Why We Sleep
Page 8
The gift of split-brain deep NREM sleep is not entirely unique to aquatic mammals. Birds can do it, too. However, there is a somewhat different, though equally life-preserving, reason: it allows them to keep an eye on things, quite literally. When birds are alone, one half of the brain and its corresponding (opposite-side) eye must stay awake, maintaining vigilance to environmental threats. As it does so, the other eye closes, allowing its corresponding half of the brain to sleep.
Things get even more interesting when birds group together. In some species, many of the birds in a flock will sleep with both halves of the brain at the same time. How do they remain safe from threat? The answer is truly ingenious. The flock will first line up in a row. With the exception of the birds at each end of the line, the rest of the group will allow both halves of the brain to indulge in sleep. Those at the far left and right ends of the row aren’t so lucky. They will enter deep sleep with just one half of the brain (opposing in each), leaving the corresponding left and right eye of each bird wide open. In doing so, they provide full panoramic threat detection for the entire group, maximizing the total number of brain halves that can sleep within the flock. At some point, the two end-guards will stand up, rotate 180 degrees, and sit back down, allowing the other side of their respective brains to enter deep sleep.
We mere humans and a select number of other terrestrial mammals appear to be far less skilled than birds and aquatic mammals, unable as we are to take our medicine of NREM sleep in half-brain measure. Or are we?
Two recently published reports suggest humans have a very mild version of unihemispheric sleep—one that is drawn out for similar reasons. If you compare the electrical depth of the deep NREM slow brainwaves on one half of someone’s head relative to the other when they are sleeping at home, they are about the same. But if you bring that person into a sleep laboratory, or take them to a hotel—both of which are unfamiliar sleep environments—one half of the brain sleeps a little lighter than the other, as if it’s standing guard with just a tad more vigilance due to the potentially less safe context that the conscious brain has registered while awake. The more nights an individual sleeps in the new location, the more similar the sleep is in each half of the brain. It is perhaps the reason why so many of us sleep so poorly the first night in a hotel room.

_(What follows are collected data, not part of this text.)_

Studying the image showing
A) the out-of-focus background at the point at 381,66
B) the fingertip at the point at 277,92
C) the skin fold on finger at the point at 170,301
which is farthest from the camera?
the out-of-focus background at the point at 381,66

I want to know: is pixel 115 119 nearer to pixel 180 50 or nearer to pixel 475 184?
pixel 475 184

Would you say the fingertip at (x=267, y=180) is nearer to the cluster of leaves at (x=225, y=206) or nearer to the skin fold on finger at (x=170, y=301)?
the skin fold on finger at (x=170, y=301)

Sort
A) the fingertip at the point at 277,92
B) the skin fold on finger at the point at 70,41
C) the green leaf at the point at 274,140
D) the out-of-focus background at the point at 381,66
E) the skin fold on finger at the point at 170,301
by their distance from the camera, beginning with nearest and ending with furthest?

This phenomenon, however, doesn’t come close to the complete division between full wakefulness and truly deep NREM sleep achieved by each side of birds’ and dolphins’ brains. Humans always have to sleep with both halves of our brain in some state of NREM sleep. Imagine, though, the possibilities that would become available if only we could rest our brains, one half at a time.
I should note that REM sleep is strangely immune to being split across sides of the brain, no matter who you are. All birds, irrespective of the environmental situation, always sleep with both halves of the brain during REM sleep. The same is true for every species that experiences dream sleep, humans included. Whatever the functions of REM-sleep dreaming—and there appear to be many—they require participation of both sides of the brain at the same time, and to an equal degree.
UNDER PRESSURE
The fourth and final difference in sleep across the animal kingdom is the way in which sleep patterns can be diminished under rare and very special circumstances, something that the US government sees as a matter of national security, and has spent sizable taxpayer dollars investigating.
The infrequent situation happens only in response to extreme environmental pressures or challenges. Starvation is one example. Place an organism under conditions of severe famine, and foraging for food will supersede sleep. Nourishment will, for a time, push aside the need for sleep, though it cannot be sustained for long. Starve a fly and it will stay awake longer, demonstrating a pattern of food-seeking behavior. The same is true for humans. Individuals who are deliberately fasting will sleep less as the brain is tricked into thinking that food has suddenly become scarce.
Another rare example is the joint sleep deprivation that occurs in female killer whales and their newborn calves. Female killer whales give birth to a single calf once every three to eight years. Calving normally takes place away from the other members of the pod. This leaves the newborn calf incredibly vulnerable during the initial weeks of life, especially during the return to the pod as it swims beside its mother. Up to 50 percent of all new calves are killed during this journey home. It is so dangerous, in fact, that neither mother nor calf appear to sleep while in transit. No mother-calf pair that scientists have observed shows signs of robust sleep en route. This is especially surprising in the calf, since the highest demand and consumption of sleep in every other living species is in the first days and weeks of life, as any new parent will tell you. Such is the egregious peril of long-range ocean travel that these infant whales will reverse an otherwise universal sleep trend.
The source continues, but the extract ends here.